Creating portfolio in tandem with investor’s risk profile not only reduces the risk, but it also helps in deriving mental peace to the investor during volatile times

When the markets are in turmoil like the current one, investors begin to feel despair. Of course, it's very difficult to digest and remain stoic in these troubling times especially when our investment from our hard-earned money reduces in value (albeit notional) drastically.

Markets (of all assets) operate in cycles which could be comprehended form the past data or experiences but they're never going to be easy to deal with. These situations present behavioural challenges to the investors. The psychological pitfalls of market cycles are enormous but how to avoid these?

This is where an investment plan or a financial plan comes handy. This would be a stepwise rational approach, where one should consider their objective, the statement of 'why' one is investing. It's said that once you understand the 'why' of anything then the 'how' is figured out automatically.

The plan should be versatile and dynamic to the changing markets, at the same time, shouldn't be too finicky. The latter is where no amount of pre-defined strategies work except the 'will' of the investor.

Of course, portfolio creation in tandem with the risk profile of an investor not only reduces the risk or align to the risk of the investor it also helps in deriving mental peace to the investor during volatile times. One must understand that no situation remains same forever and as nature (economics) automatically balances out. Extrapolation of extreme states or events would only portray a wrong picture, even if the times are good.

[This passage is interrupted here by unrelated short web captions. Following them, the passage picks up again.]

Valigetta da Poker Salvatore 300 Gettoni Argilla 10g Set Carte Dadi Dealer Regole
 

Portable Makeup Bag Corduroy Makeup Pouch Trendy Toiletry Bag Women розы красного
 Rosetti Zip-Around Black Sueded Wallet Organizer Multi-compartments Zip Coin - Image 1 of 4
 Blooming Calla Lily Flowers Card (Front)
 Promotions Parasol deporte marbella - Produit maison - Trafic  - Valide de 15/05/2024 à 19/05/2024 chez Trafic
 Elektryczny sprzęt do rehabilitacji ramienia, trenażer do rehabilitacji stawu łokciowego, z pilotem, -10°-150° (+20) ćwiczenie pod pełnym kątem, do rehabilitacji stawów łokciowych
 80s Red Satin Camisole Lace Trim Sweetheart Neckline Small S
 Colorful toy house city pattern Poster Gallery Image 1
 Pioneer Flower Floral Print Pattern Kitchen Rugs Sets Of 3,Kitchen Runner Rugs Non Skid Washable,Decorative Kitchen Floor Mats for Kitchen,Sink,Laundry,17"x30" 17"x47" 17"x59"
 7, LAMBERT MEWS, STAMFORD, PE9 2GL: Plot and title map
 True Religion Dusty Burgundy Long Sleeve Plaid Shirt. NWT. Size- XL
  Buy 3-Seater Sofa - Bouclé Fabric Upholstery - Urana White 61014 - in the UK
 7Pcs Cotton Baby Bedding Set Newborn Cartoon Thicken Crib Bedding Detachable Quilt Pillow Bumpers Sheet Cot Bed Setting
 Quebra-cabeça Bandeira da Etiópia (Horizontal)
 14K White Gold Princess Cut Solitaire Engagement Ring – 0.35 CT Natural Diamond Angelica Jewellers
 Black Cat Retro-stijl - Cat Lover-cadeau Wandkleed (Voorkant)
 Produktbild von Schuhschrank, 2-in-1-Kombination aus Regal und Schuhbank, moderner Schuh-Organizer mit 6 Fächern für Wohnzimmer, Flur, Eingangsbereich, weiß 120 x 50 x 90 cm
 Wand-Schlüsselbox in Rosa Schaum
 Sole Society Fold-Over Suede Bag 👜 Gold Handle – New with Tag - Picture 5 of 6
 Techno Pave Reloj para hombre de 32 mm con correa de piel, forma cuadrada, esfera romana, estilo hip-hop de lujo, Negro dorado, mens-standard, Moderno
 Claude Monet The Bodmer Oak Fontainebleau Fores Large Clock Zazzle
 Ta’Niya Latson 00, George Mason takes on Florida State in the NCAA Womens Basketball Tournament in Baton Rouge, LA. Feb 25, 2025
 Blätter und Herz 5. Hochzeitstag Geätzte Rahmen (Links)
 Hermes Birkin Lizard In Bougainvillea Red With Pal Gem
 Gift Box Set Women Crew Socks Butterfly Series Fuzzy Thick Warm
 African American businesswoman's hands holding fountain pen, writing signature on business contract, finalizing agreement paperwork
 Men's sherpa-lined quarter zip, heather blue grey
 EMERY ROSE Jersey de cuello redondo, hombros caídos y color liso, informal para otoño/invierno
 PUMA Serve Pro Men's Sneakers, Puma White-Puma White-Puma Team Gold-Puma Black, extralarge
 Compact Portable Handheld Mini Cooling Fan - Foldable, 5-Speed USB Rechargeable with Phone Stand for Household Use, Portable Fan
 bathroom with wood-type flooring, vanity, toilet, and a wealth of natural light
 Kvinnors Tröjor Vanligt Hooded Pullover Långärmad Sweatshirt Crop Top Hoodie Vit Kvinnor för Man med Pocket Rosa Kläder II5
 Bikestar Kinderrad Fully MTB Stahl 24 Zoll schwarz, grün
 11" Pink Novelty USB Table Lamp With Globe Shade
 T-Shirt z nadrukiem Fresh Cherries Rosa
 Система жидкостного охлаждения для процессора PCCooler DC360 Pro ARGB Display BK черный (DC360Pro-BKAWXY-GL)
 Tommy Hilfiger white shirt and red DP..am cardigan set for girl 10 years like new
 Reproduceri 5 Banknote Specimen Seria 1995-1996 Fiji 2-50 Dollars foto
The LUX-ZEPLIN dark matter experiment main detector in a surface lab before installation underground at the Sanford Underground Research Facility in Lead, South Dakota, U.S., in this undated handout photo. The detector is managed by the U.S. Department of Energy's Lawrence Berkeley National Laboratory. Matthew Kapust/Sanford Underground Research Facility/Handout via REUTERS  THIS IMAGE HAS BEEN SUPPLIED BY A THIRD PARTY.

Hence, it's very important to have the rationale for investing ahead of the actual execution. It could be sometimes as specific as building a corpus for down payment of a housing loan to amassing wealth for retirement. Defining this could help one to come up with timelines, avenues and thus the asset allocation. Overall, that forms the foresight for the investment journey.

Moreover, the plan needn't always be perfect and ideally it shouldn't be. It should be flexible enough to make desired changes yet remains focused on the goal or objective. The plan should capture the imagination of the investment philosophy so that it reflects the best of the investor. This near-truer representation bolsters the attitude towards overall savings and thus leads to a happier investment.

While the plan is designed to approach various goals, it could be revisited periodically or during changes to the goals to re-align. This ensures to get a grip on where the journey till then led to and how to approach going forward.

The role of a financial planner or an advisor comes to the fore at these junctures where they could act as a speed bump in the train of thoughts an investor experiences. Investors could be well guided at these points so that they're on track to their goals.